Josh Irby

Live from Sarajevo

Life without a Role

I have this recurring nightmare.

I am in an auditorium in front of a crowd, sweating out my fear. Even though I am clothed, I feel naked. It is my turn and I know it. The other actors in the play look at me and wait. There is something I need to say and I can’t remember. In fact, I don’t even know what play I am in. How can I know my line when I don’t know what show we are performing? And what role am I? Am I the hero or his faithful horse? I don’t know. Should I grab a sword and stab the guy to my right me or kiss the girl to my left?

A voice comes from behind the curtain. It is my line. The words are foreign to me but I say them anyway.  Am I in a comedy or a tragedy? The line gave nothing away. I am right back where I started. What do I say next? How can I live from line to line when I don’t know the story, the genre, or my role?

Mercifully, consciousness snatches me from my nightmare. After a few minutes my pulse recedes, but a heaviness remains in my gut—a sickness unto death. No more Kierkegaard before bed.

For more on Kierkegaard, see my last post Life without a Plot.

Can you imagine enduring a play line by line? Yet that is how I too often find myself living. (Perhaps that is why I have this nightmare)

When I was in college, I had no idea what role I was playing. After my dream of playing in the NBA died—much later than it should have died—I wasn’t sure what I wanted to do with my life. Should I be an engineer? a philosopher? a musician? I was clueless. So I made the next mistake . . .

. . . I tried to play every role. My Dad had told me that I could be anything I put my mind to (which, in retrospect, was not true because I am far too tall for flying jets) so I put my mind to everything.
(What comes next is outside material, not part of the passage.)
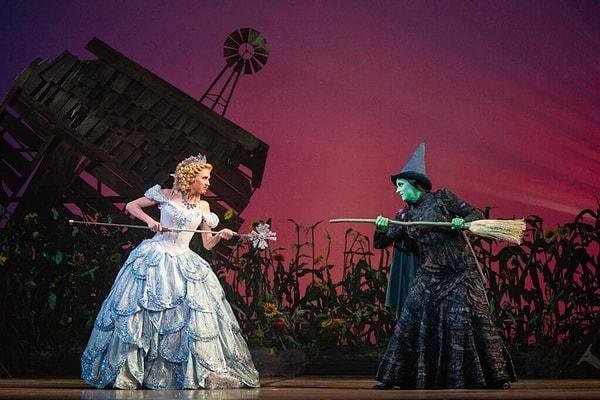 'Wicked' was initially envisioned more as a film than a musical.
I would invent new technologies while solving the deep questions of the universe and singing about it all on weekends at the local bar. Foolproof. It was Romeo and Juliet and I was playing both the leads—and Tybalt as well.

Some of this came from my diverse upbringing. But much of it came from an attempt to play the roles others wanted me to play. I had no business being an engineer. I could do the math and the science. I got good grades. It wasn’t my passion though. Engineering was something I should do. So I did it.

What I really want in my life is to play the role I was created to play. What role did the playwright uniquely pen for me? That role is the one I want play. That  role will uncover my latent passions. That role will bring with it satisfaction and purpose. That role is my role.

Now where did I put my script?

 

[For further thought: In a play, the actor simply recites the lines he has memorized. Life seems very different. We are, in some way, creating the lines as we are reciting them. How does this fit together with the idea that our lives have a bigger story and purpose to them? Add your thoughts below.]